Unnamed: 0,query_id,nrooms,nbedrooms,nbath,sm,garden_sm,floors,gargae_sm,price,year,windows,dist_city,doors
0,10000,1,,,,,,,,,,7,


In [4]:
# We have to check if the query already exists in our query database
queries_temp =  pd.read_csv("./data_house/queries_labels.csv", sep = ',', index_col = 0)
queries =  pd.read_csv("./data_house/queries_labels.csv", sep = ',')
resData = queries.merge(df_fake_queries, how = 'inner' , on=['nrooms','nbedrooms','nbath','sm','garden_sm','floors','gargae_sm','price','year','windows','dist_city','doors'])
if resData.empty:
    print('The query does not exist in the database')
    case = 1
else:
    print('The query already exists')
    case = 0

The query does not exist in the database


If the query exists in the dataframe, we can simply base the importance of that query in the ranking that we have provided in part A. In case it does not exist, we cna look for queries with common conditions and find the similarity between these found queries and the top 5 ranked queries for each user, ranked by themselves and not "by us" in part A.

In [5]:
user_queries =  pd.read_csv("./data_house/user_queries.csv", sep = ',')
user_queries_fill = pd.read_csv("./data_house/user_queries_fill.csv", sep = ',')

In [6]:
seq = user_queries_fill['user_id']

In [7]:
x = user_queries_fill.iloc[:,2:].values #returns a numpy array
min_max_scaler = MinMaxScaler()
x_scaled = min_max_scaler.fit_transform(x.transpose())
user_queries_fill_minmax = pd.DataFrame(x_scaled.transpose()*100)

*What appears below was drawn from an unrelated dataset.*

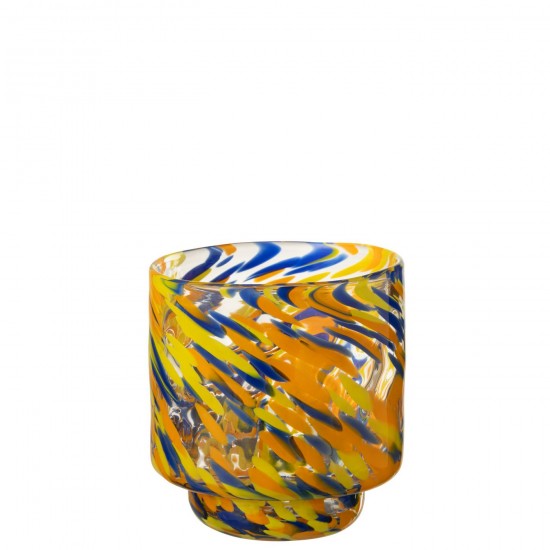 J Line 53534 Siervaas Vazen Vazen Vasi Jarrones Vasen Bloemvaas Decorazione Decoracion Vase Siervazen Dekoration Vasen Bloemen.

user_queries_fill_minmax.insert(0,'user_id',seq)

In [8]:
if case == 0:
    importance = pd.DataFrame(0, index = range(len(user_queries)), columns =['user_id','importance_value'])
    resData_idx = resData['query_id_x'].tolist()
    for i in range(len(user_queries)):
        rank = []
        for j in range(len(resData_idx)):
            rank.append(user_queries_fill_minmax.loc[i,str(j)])
            
        importance['user_id'].iloc[i] = user_queries['user_id'].iloc[i]
        importance['importance_value'].iloc[i] = np.mean(rank)

    print(importance[:5])

In [9]:
random_query

Unnamed: 0,query_id,nrooms,nbedrooms,nbath,sm,garden_sm,floors,gargae_sm,price,year,windows,dist_city,doors
0,10000,1,,,,,,,,,,7,


In [15]:
if case == 1:
    importance = pd.DataFrame(0, index = range(len(user_queries)), columns =['user_id','importance_value'])
    dict_query = {}
    # We create a dictionary with the possible combinations:
    comb, l = auxiliary_functions.combination(query_columns)
    for i in range(l):
        dict_query.update({str(comb[i]) : []} )
    length = len(query_columns)
    dict_query = auxiliary_functions.matching_queries(length, query_columns, query, dict_query, queries)
    
    # For the queries in the dictionary we create the query set to calculate similaritis later
    all_values = dict_query.values()
    index_values_dict = list(chain.from_iterable(list(all_values)))
    sim_queries = queries.iloc[index_values_dict]
    
    # We can calculate the similarity between the original query and the ones that share some conditions
    random_query_set = list(auxiliary_functions.queries_as_sets(random_query, filename='random_query.json').values())[0]
    print(random_query_set)
    similarity_value_query = pd.DataFrame(0, index = range(len(sim_queries)), columns = ['query_id', 'sim_value'])
    similarity_value_query['query_id'] = sim_queries['query_id'].tolist()
    similarity = []

    for query_id in sim_queries['query_id']:
        gvn_jsonfile = open("query_set.json")
        json_data = json.load(gvn_jsonfile)
        set_query = json_data[str(query_id)]
        
        similarity.append(auxiliary_functions.jaccard_similarity(random_query_set, set_query))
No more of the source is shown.